Nous remarquons que tous les partis sans exception aucune s’agitent inutilement dans tous les sens comme des guêpes désorientées. Des alliances se font et se défont au gré des humeurs et des calculs restreints de leurs dirigeants qui oublient que les élections ne sont pas un objectif, mais un moyen pour réaliser un programme. Ici les alliances et les fronts ne sont pas la bonne solution et ce qu’il faut ce sont de grands partis bien structurés avec des idées réalisables et des objectifs économiques, sociaux, sécuritaires, éducatifs et culturels clairs au service de toute la population et non pas un clan, comme ce qui s’est passé avec les deux derniers gouvernements provisoires.

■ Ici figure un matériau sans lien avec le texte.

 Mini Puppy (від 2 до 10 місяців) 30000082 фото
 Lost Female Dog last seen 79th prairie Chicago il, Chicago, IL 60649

Après les élections d’octobre 2011, le parti Ennahdha s’est cru investi d’une mission divine, oubliant que jouissant d’une majorité toute relative, il ne représente pas toute la population et que la légitimité dont il jouit temporairement n’autorise pas tout. Il a aussi oublié les objectifs pour lesquels il avait été élu et s’est attaché à changer la structure sociale, ce qui l’a amené à commettre plusieurs erreurs : ouverture des frontières aux prêcheurs d’une autre culture, sourde oreille aux appels à la violence et laxisme douteux envers les structures violentes-salafistes et autres “protecteurs de la Révolution” — on se demande à quoi ont servi les deux derniers gouvernements. Et nous en mesurons aujourd’hui l’ampleur des conséquences néfastes.
Ennahdha a perdu 500.000 voix, ce sont celles des non nahdhaouis qui lui avaient fait confiance et qui, par sympathie pour ce que le mouvement avait enduré pendant plus de deux décennies, lui ont donné leurs voix. Ils ont été déçus. Ennahdha aurait pu faire mieux pour les conserver, mais il dispose d’un réservoir de 300.000 voix, celles de ses adhérents inconditionnels qui, malgré les reproches qu’ils lui font — notamment d’avoir été trop conciliant avec les autres partis — lui demeurent fidèles. Le parti peut aussi compter sur 500.000 autres voix, celles de toute la palette de salafistes et autres islamistes qui voient dans les autres partis des laïcs mécréants. Mais un risque menace ce réservoir de voix.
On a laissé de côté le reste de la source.